This installment takes place almost entirely on the comet Phang, where the group is forced to stop for fuel. Subtitled “The War For Phang,” the publisher’s summary calls it self-contained. It isn’t, really, since a new reader would be lost without some past history with the characters–or would lack empathy with them, at the least. There is a whole group of Phang residents that the group adopts, and new information about the Freelancers. The Will loses his union membership; Lying Cat declines his offer to reunite; new Freelancer The March catches up with the family (demonstrating that they are on the run for a reason), and exit the stage. In the end the family escapes, and young Hazel (still the narrator) learns lessons about family, friends, and loss. It’s ultimately an extended intermission in the main action, but it does touch on several things that should have long-term impact.

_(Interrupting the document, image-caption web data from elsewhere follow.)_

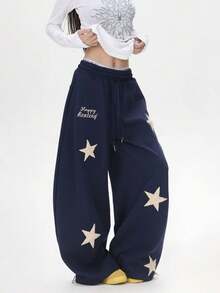 Star & Check Patchwork Embroidered Sports Casual Pants, Unisex Sweatpants, Loose Fit, Straight Leg, Elastic Belt, Long Pants - 藏蓝色 - 查看 1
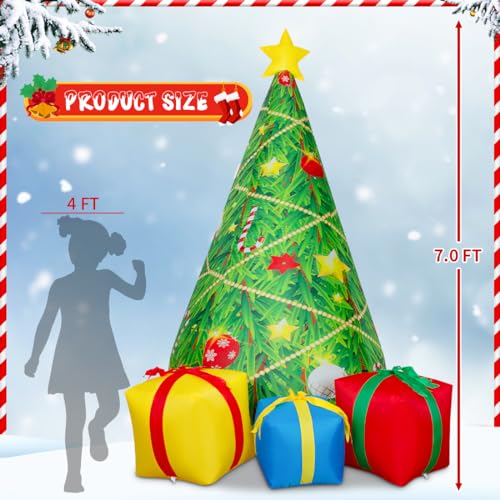 7 FT Christmas Inflatables Tree Outdoor Decorations Blow Up Yard Gift Box with Built-in LEDs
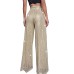 Women's Wide Leg Pants Trousers Sparkly Pants Full Length Sequins Micro-elastic High Waist Elegant Fashion Party Street claret M beige S M Summer Spring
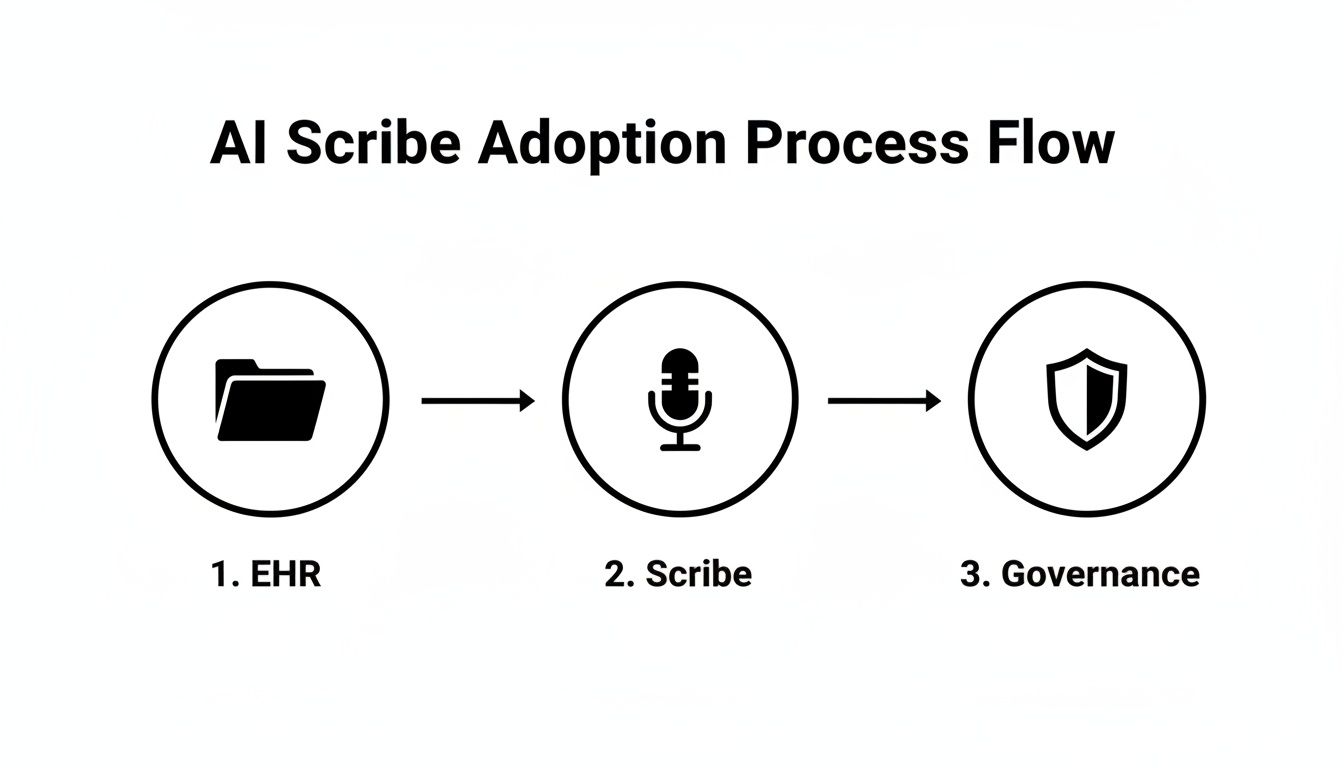 Diagram illustrating the AI Scribe Adoption Process Flow with three sequential steps: EHR, Scribe, and Governance.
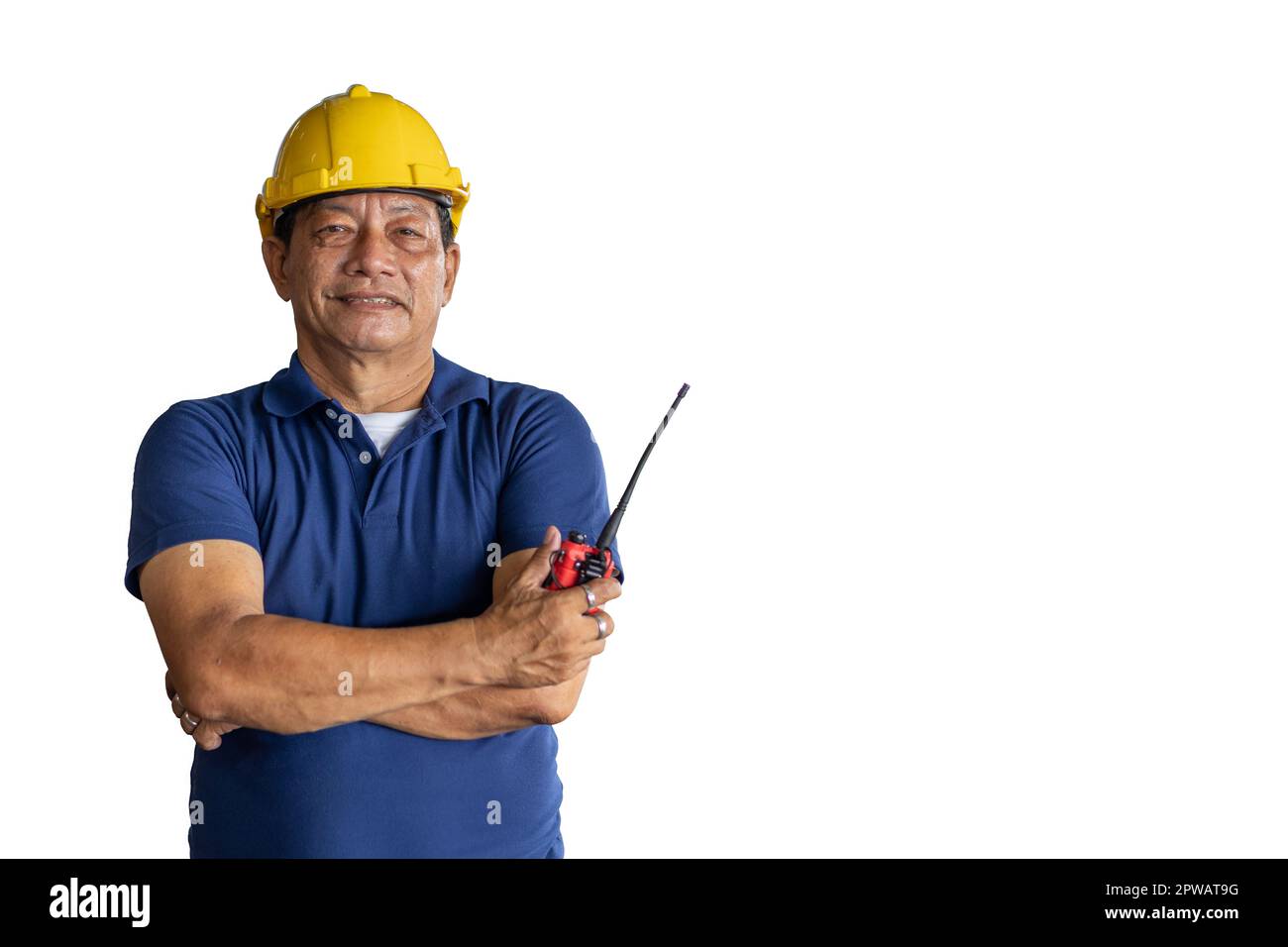 Südostasiatischer männlicher Staff Bauarbeiter Foreman Portrait Smile isoliert auf weißem Hintergrund Stockfoto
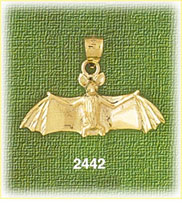 14K Gold Soaring Bat Charm
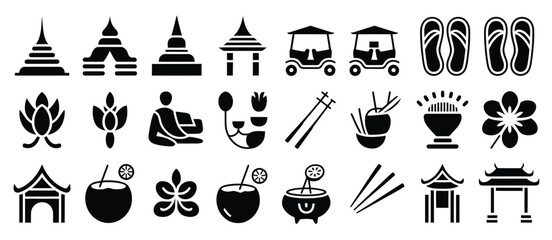 Collection of thai cultural icons and symbols in black silhouette
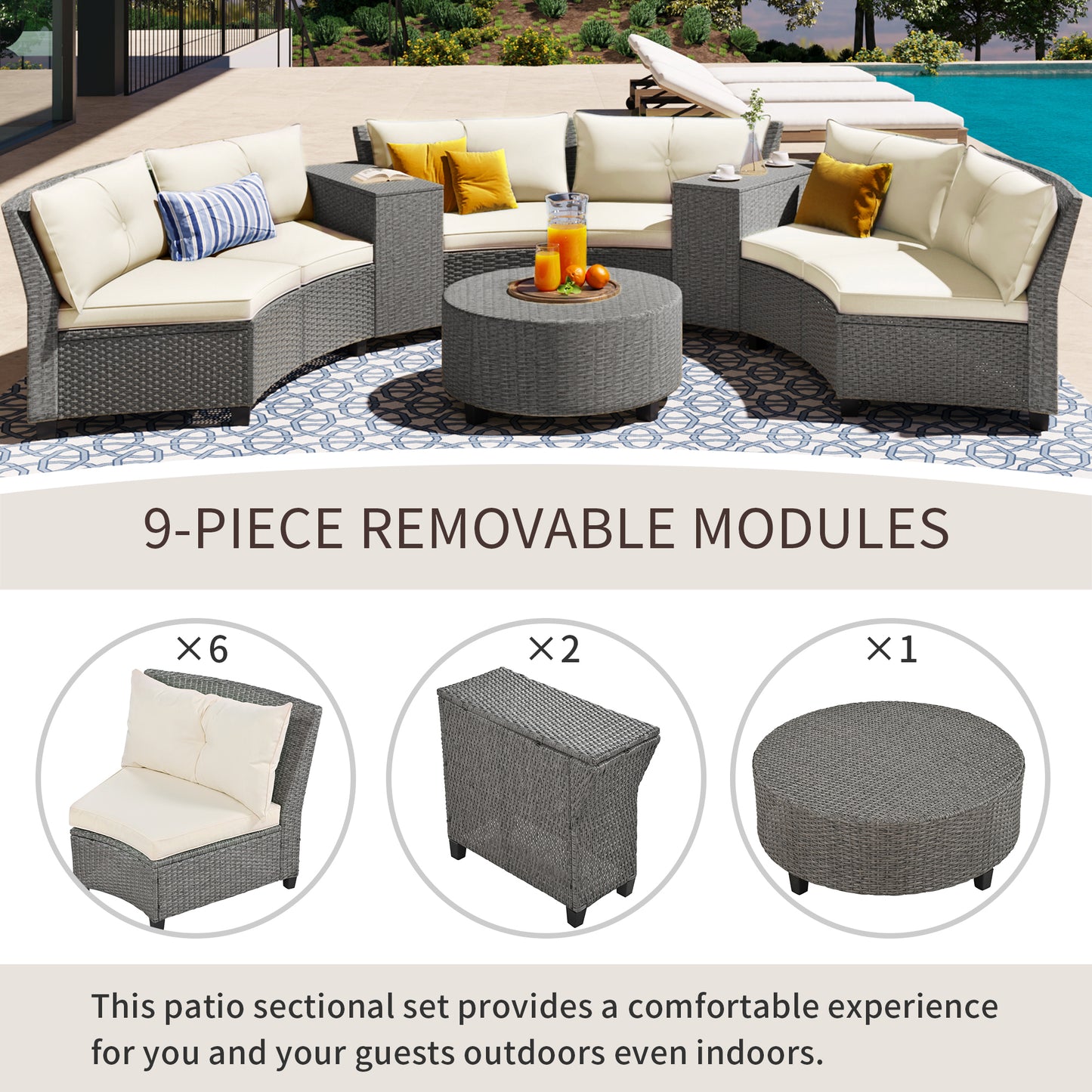 Hester 8 Pc Outdoor Rattan Wicker Half-Moon Sectional Sofa Set - Beige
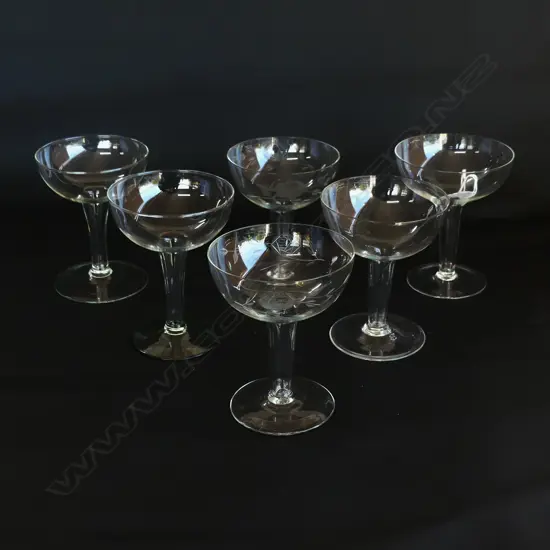 SIX HOLLOW STEM CHAMPAGNE GLASSES 3 PLAIN & 3 ETCHED, H.110MM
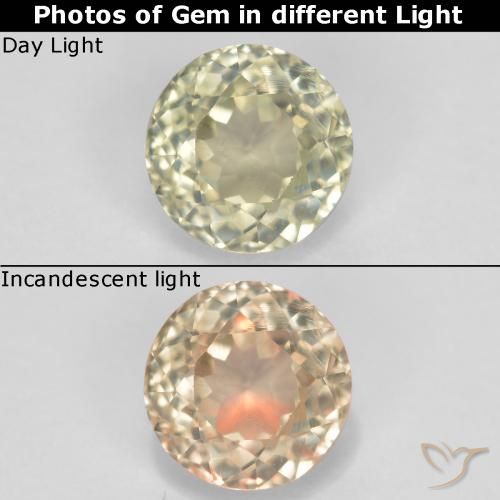 0.74ct طبيعي أصفر باهت دياسبور متغير اللون, دائري, قليلا جدا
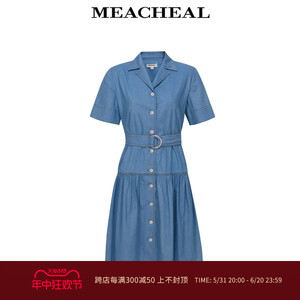 MEACHEAL米茜尔女装2022夏季新款复古工装裙丹宁蓝牛仔衬衫连衣裙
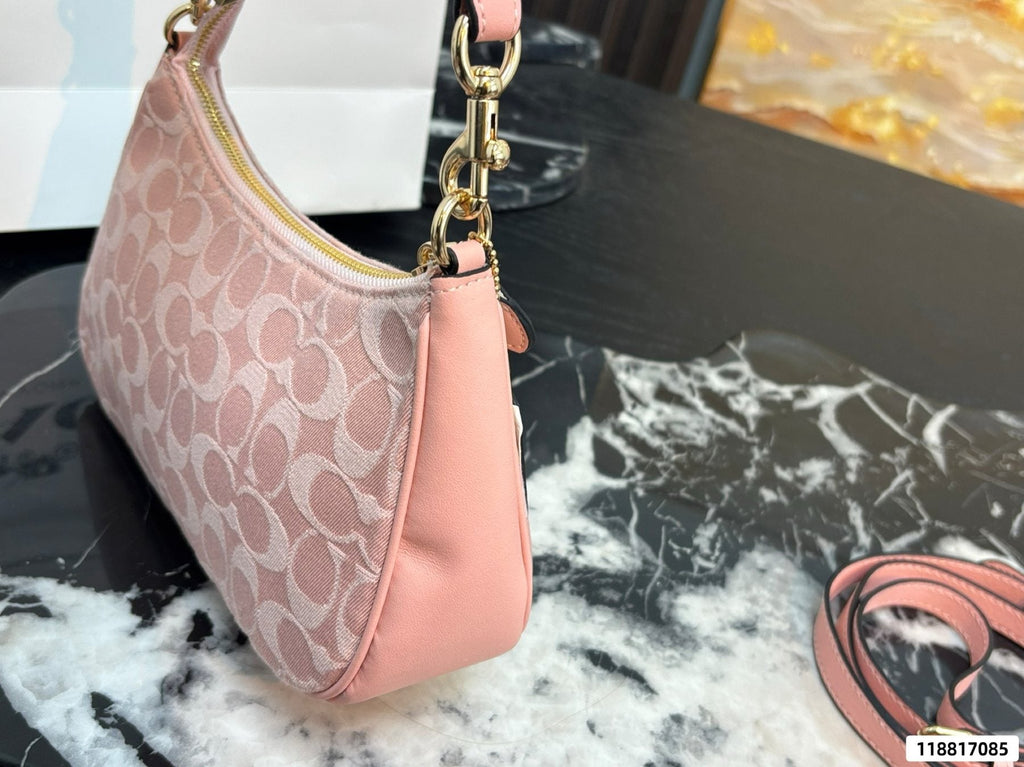Coach Teri Pink Signature Shoulder Bag — side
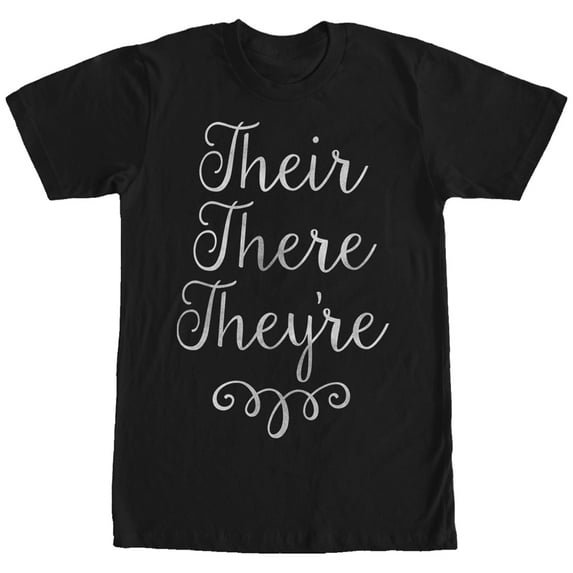 Women's Lost Gods Their There They're Grammar Boyfriend Graphic Tee Black Medium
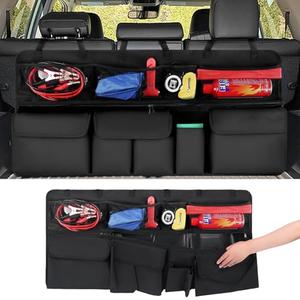 VAKEEN Car Trunk Organizer, Upgraded Version Expand Space Hanging Trunk Organizer with Adjustable Straps, Collapsible Waterproof Suv Trunk Organizers, Sturdy Space Saver Frees for SUV, Truck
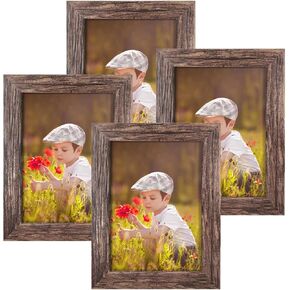 إطارات صور Q.Hou مقاس 8 × 10 من الخشب البني الريفي تحتوي على 4 إطارات مع زجاج عالي الدقة لسطح الطاولة أو ديكور الحائط (QH-PF8X10-BR) in Kuwait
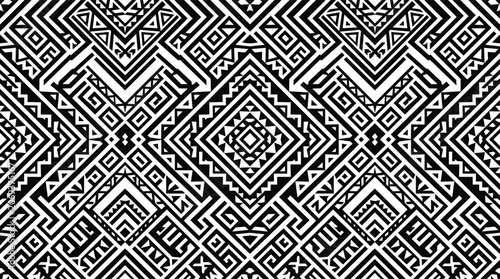 Obraz na płótnie Tribal ethnic seamless pattern, black and white geometric shapes, traditional folk ornament background vector
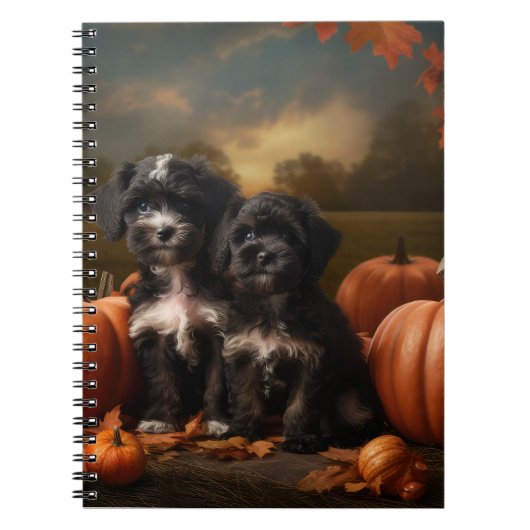 Carnet Yorkipoo Chiot Automne Citrouille délice (Devant)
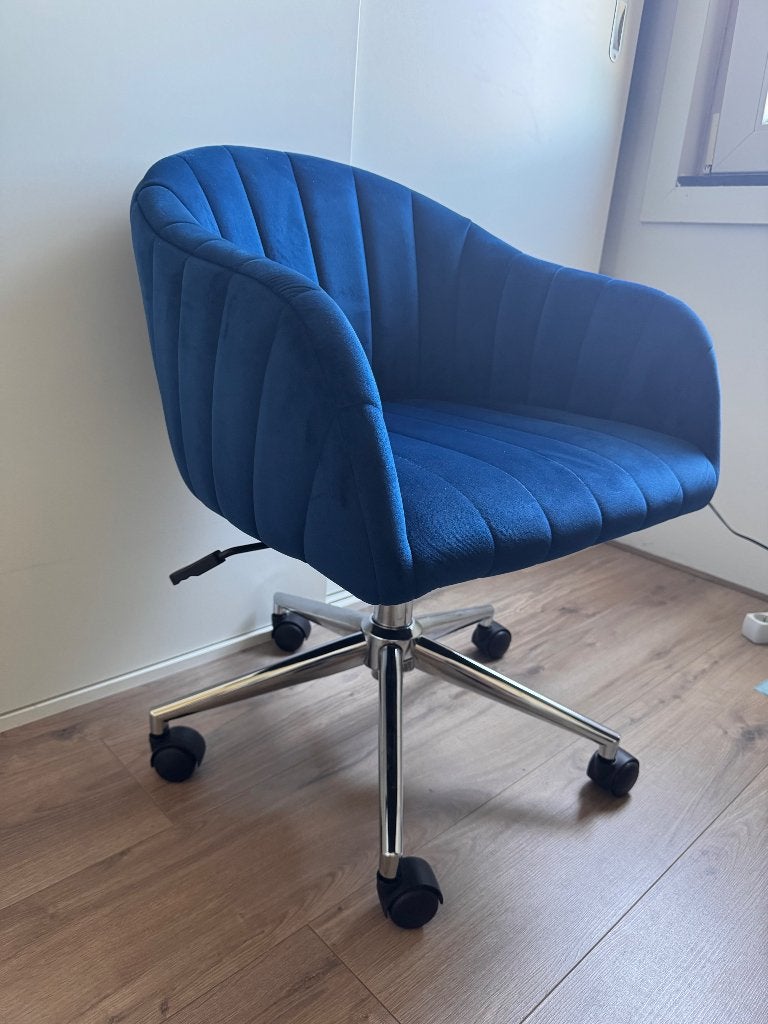 Fluweel stoel met vielen, Ophalen, Overige materialen, Blauw, Zo goed als nieuw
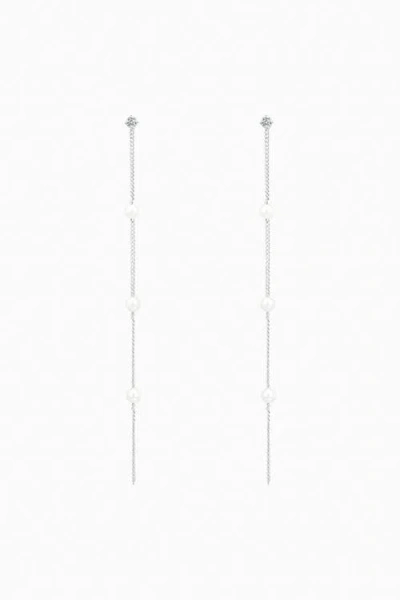Bearfruit Jewelry Sterling Silver Infinite Cultured Pearl Drop Earrings
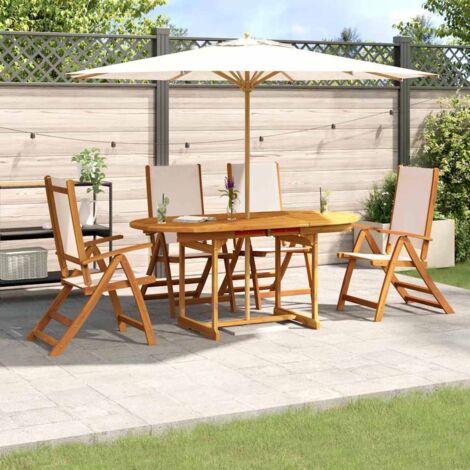 Juego comedor de jardín 5 pzas madera maciza acacia y textileno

Gail Simone’s creator-owned series continues to paint a world that looks like ours: but there are aliens actively working to take over. Cult leader/horror novelist Astrid Mueller has the ability to see the invaders for what they are–despite their ability to pass for human–so she is a target. But the assassination attempt that is the centerpiece of this collection comes from Astrid’s brother. It sets several changes into motion, including a takeover attempt by another cult leader and journalist Chloe Pierce’s increased involvement in Astrid’s organization. Chloe has a surprising role in saving Astrid (along with an alien ally), and Chloe has surprises of her own. None of the major actors are ethically clean: they all have a habit of threatening loved ones (if not actually holding them hostage) to get people to do what they want. This volume moves the story along nicely, filling in back story while also revealing new information about the aliens and the main players.
There’s a good reason why the word “New” is spray-painted across the series title on the cover in some sources. Freshman Finals at the end of the previous school year left only one member of the core cast standing: Saya. Her enemies on the Student Council now rule the school with an iron hand (although there is plenty of internal dissension, sure to be fuel for future story lines). So we’re introduced to a colorful new group of first year students: Quan, a Vietnamese rockabilly; Helmut, an East German metal-head; Zenzele, refugee of a brutal African civil war; and Tosahwi, a Native American skate punk. Like their predecessors, they are both colorful and full of surprises. They have barely had time to get into trouble before they get thrown into a pitched battle against a gang sent by Saya’s brother to bring her back home, along with the family sword she wields. After a double-cross, her fate is uncertain. The last issue, “Ballad of Marcus & Maria: A Prologue” catches us up with these characters who left the school earlier–and promises more about them. Will they return to the school, or will the story begin to branch off into parallel story lines? Surprising as the previous collection was, this one packs in almost as many, and proves that Remender and Craig have an endless supply of interesting characters to fill out the cast.
When we last saw monster-hunting P.I. Cal McDonald he had been transformed from a ghoul into some kind of demonic monster (note the wings on the cover image). This story arc finally builds towards the Major Event that has been hinted at for a long time (even bigger than the human/monster war that is threatening to break out). Two demon babies show up in Los Angeles, transforming every human they meet into a murderous monster–of the “fly into a rage and eat each other” variety. They are seeking the titular Third Child which will unite with them and create hell on earth (sounds a lot like Hellboy, now that I come to think of it). After fighting against his growing demonic nature, Cal figures out that he is the Third Child. But instead of joining up, he fights the combined children (together they make a huge monster, the better for Cal to hit). The battle is a bit anticlimactic, but it leaves Cal transformed. Back to human form, perhaps? The final panels are ambiguous. It looks like this may be the finale of the series: although it wasn’t announced as such, there have been no new stories for the nearly three years since the last monthly issue in late 2014. A bit disappointing if so.